╭─ Dataset excerpts
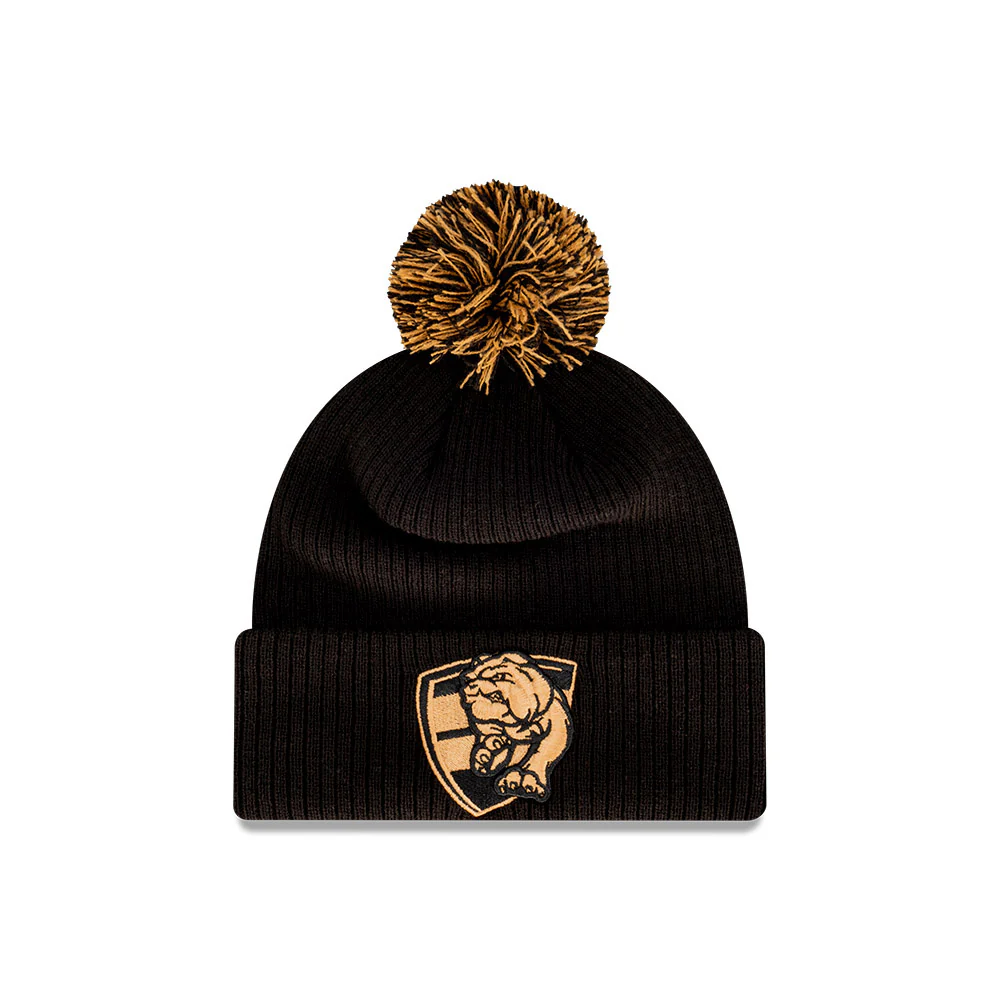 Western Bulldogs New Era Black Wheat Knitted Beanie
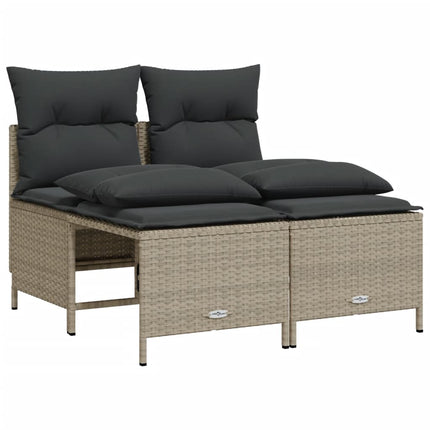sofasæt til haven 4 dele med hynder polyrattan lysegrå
╰─
╭─ Dataset excerpts
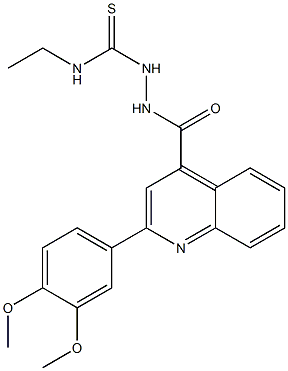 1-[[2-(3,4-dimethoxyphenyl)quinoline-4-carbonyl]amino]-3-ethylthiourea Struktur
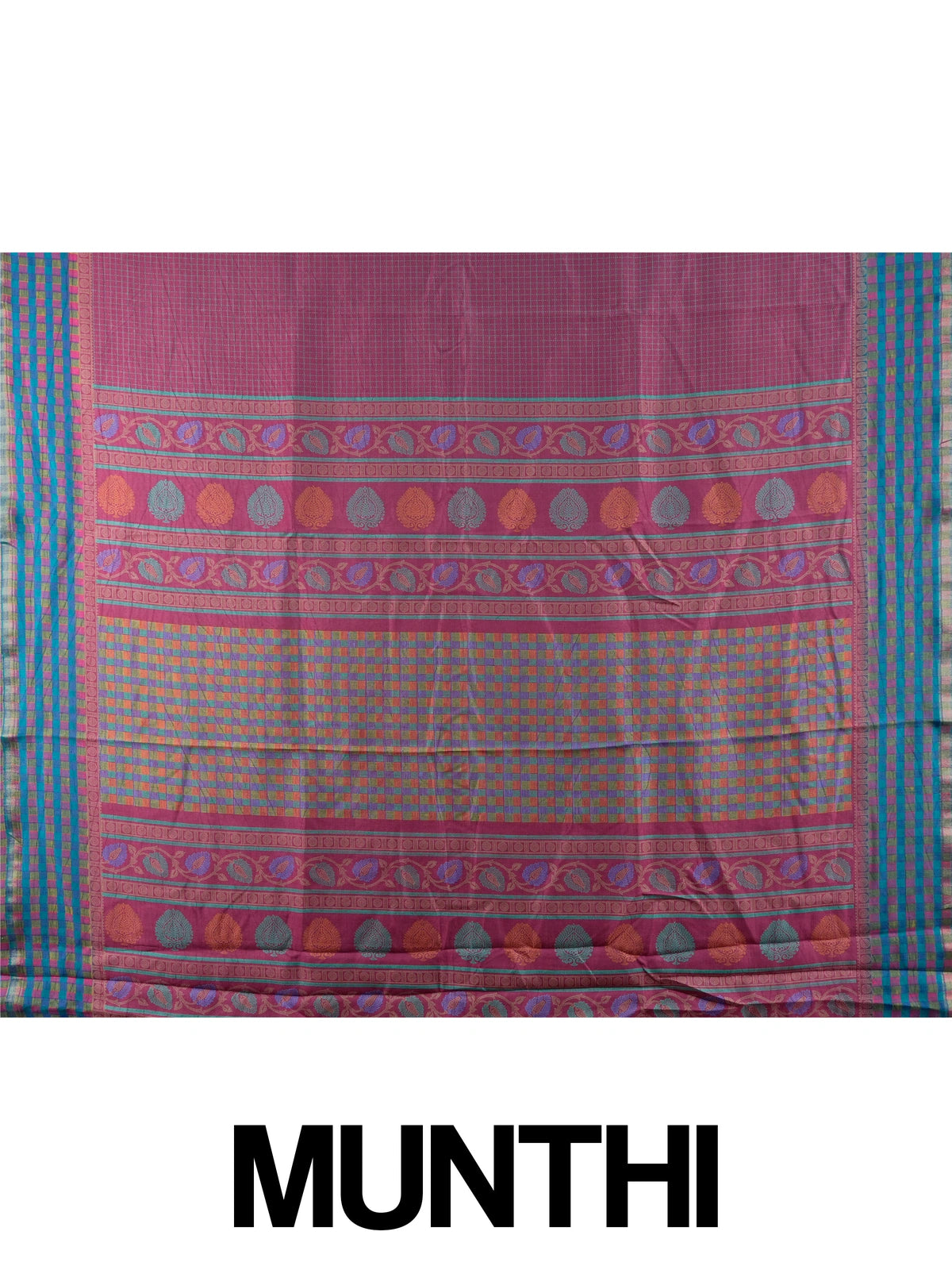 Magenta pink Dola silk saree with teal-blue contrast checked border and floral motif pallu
╰─
> [What the task asks]
Using the records above, return verbatim only the part that opens with the line containing "Western Bulldogs New" and closes with the line containing "sofasæt til haven"; pictures stay out.

> [Answer below]
 Western Bulldogs New Era Black Wheat Knitted Beanie
sofasæt til haven 4 dele med hynder polyrattan lysegrå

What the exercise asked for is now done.